Record set
Segment Open

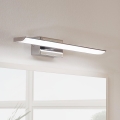 Eglo - LED wall light 2xLED/3.2W/230V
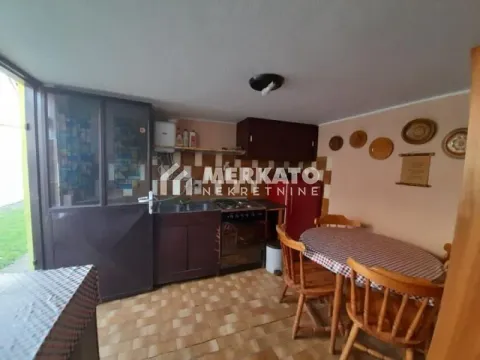 Prodaja, kuća, 136m², Klek, Zrenjanin - image 18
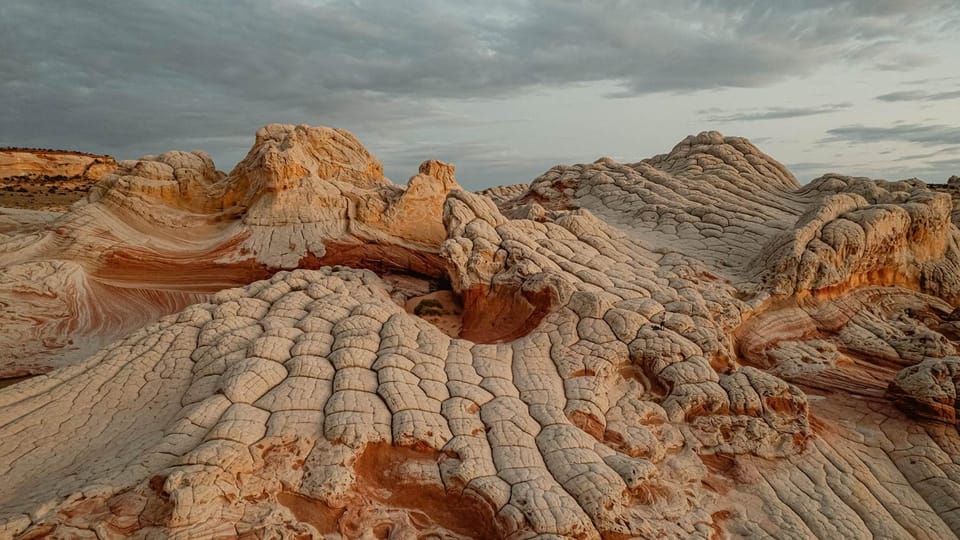 Natural landscape
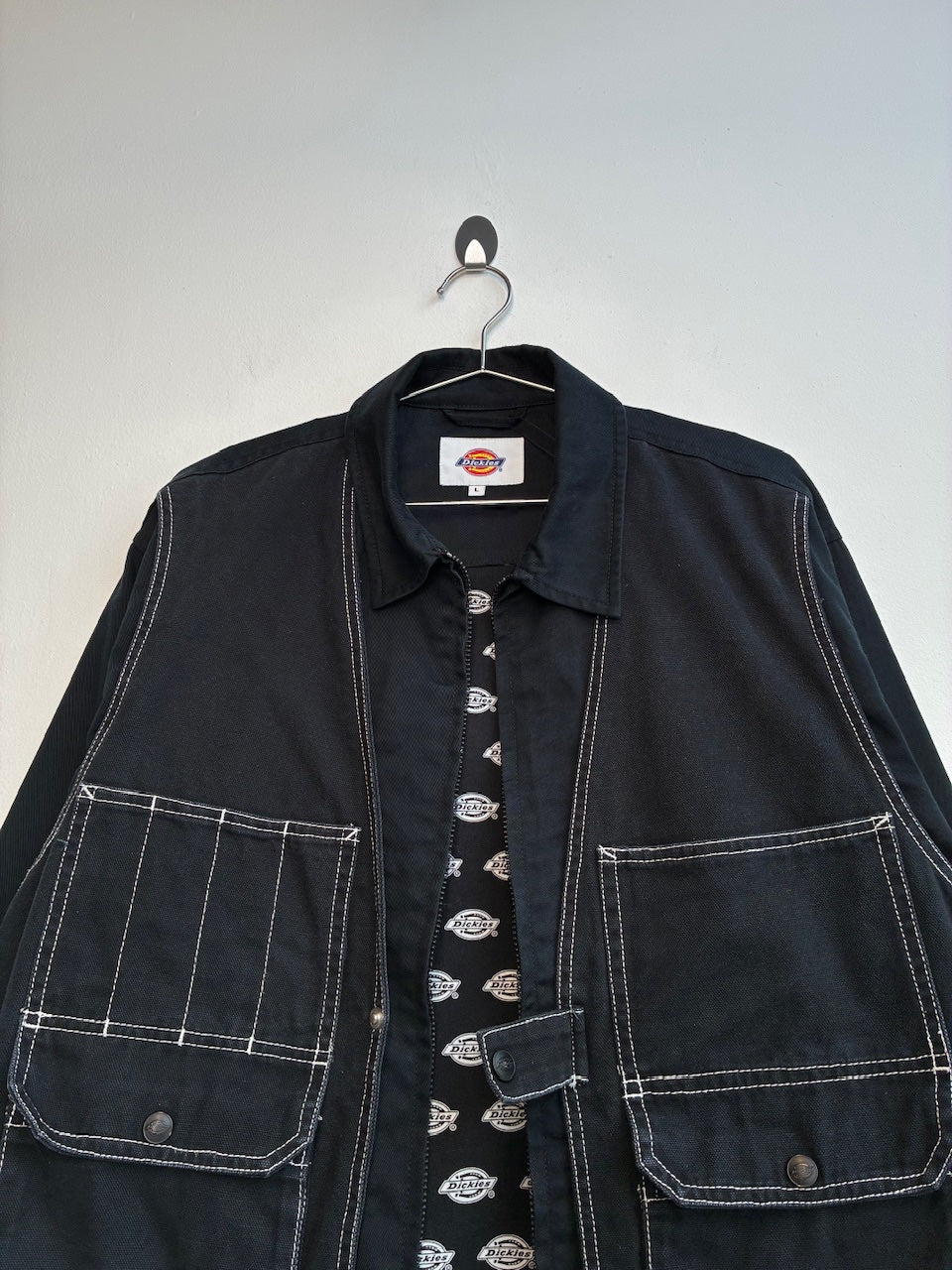 Dickies Contrast Utility Jacket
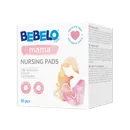 Bebelo Care Mama Dr.Max Nursing Pads, wkładki laktacyjne, 50 sztuk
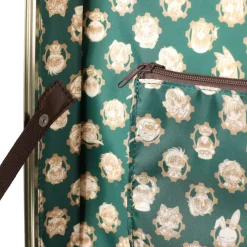 CLAMP 30th Anniversary Carry-on Luggage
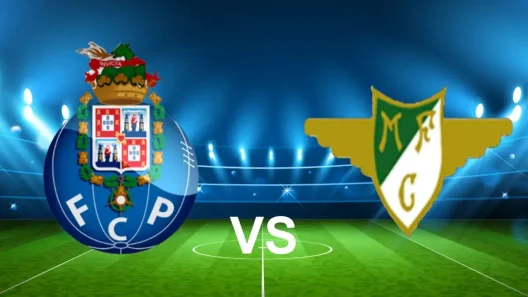 مشاهدة مباراة بورتو ومورينينسي بث مباشر اليوم 27-10-2025 قمة باركي جواكيم دي ألميدا فريتاس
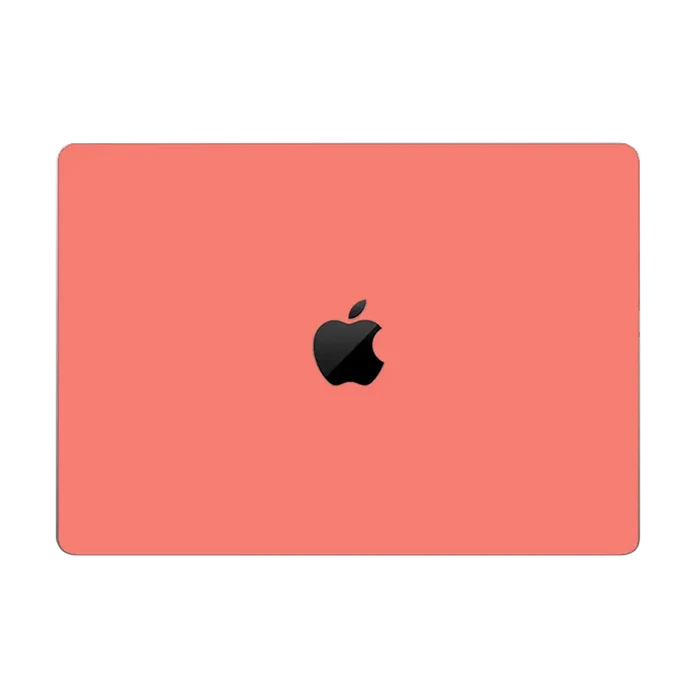 Minimum / Pastel Red
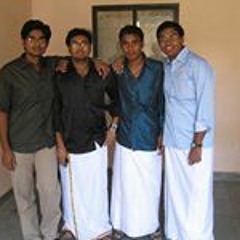 Tamil Amudan Elango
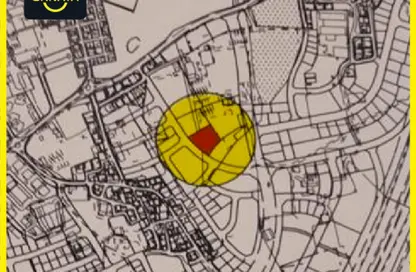 أرض - استوديو للبيع في الحجر - المحافظة الشمالية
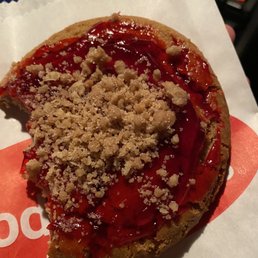 Cookie of the month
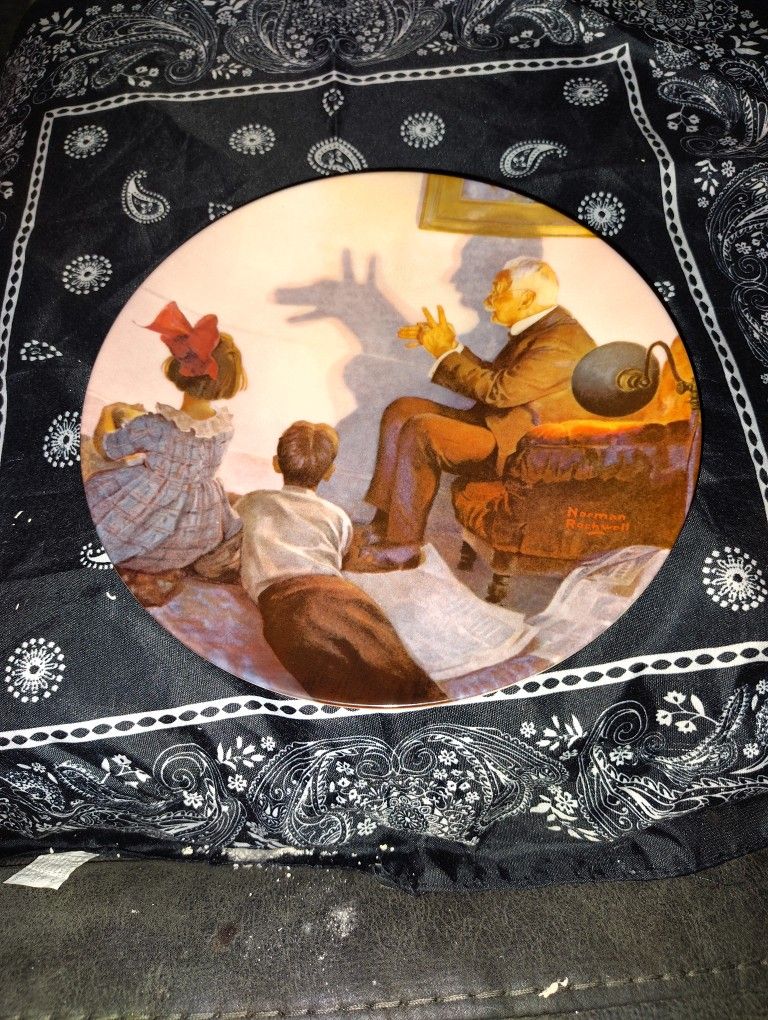 Edwin M. Knowles China Co.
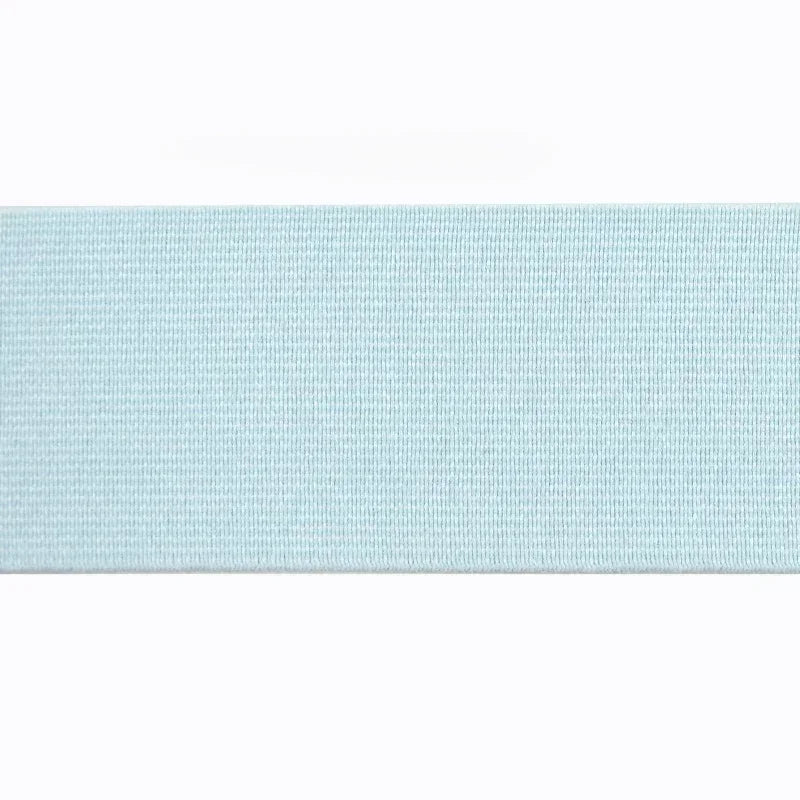 10M 20-50mm Nylon Rubber Bands Sewing Belt Sling 1.2mm Thick Elastic Band Garment Decoration Stretch Ribbon Tape DIY Accessories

Segment Closed

Omit the pictures, and please restate word for word the lines running from the line with "CLAMP 30th Anniversary Carry-on Luggage" to the end of the entries.

 CLAMP 30th Anniversary Carry-on Luggage
 مشاهدة مباراة بورتو ومورينينسي بث مباشر اليوم 27-10-2025 قمة باركي جواكيم دي ألميدا فريتاس
 Minimum / Pastel Red
 Tamil Amudan Elango
 أرض - استوديو للبيع في الحجر - المحافظة الشمالية
 Cookie of the month
 Edwin M. Knowles China Co.
 10M 20-50mm Nylon Rubber Bands Sewing Belt Sling 1.2mm Thick Elastic Band Garment Decoration Stretch Ribbon Tape DIY Accessories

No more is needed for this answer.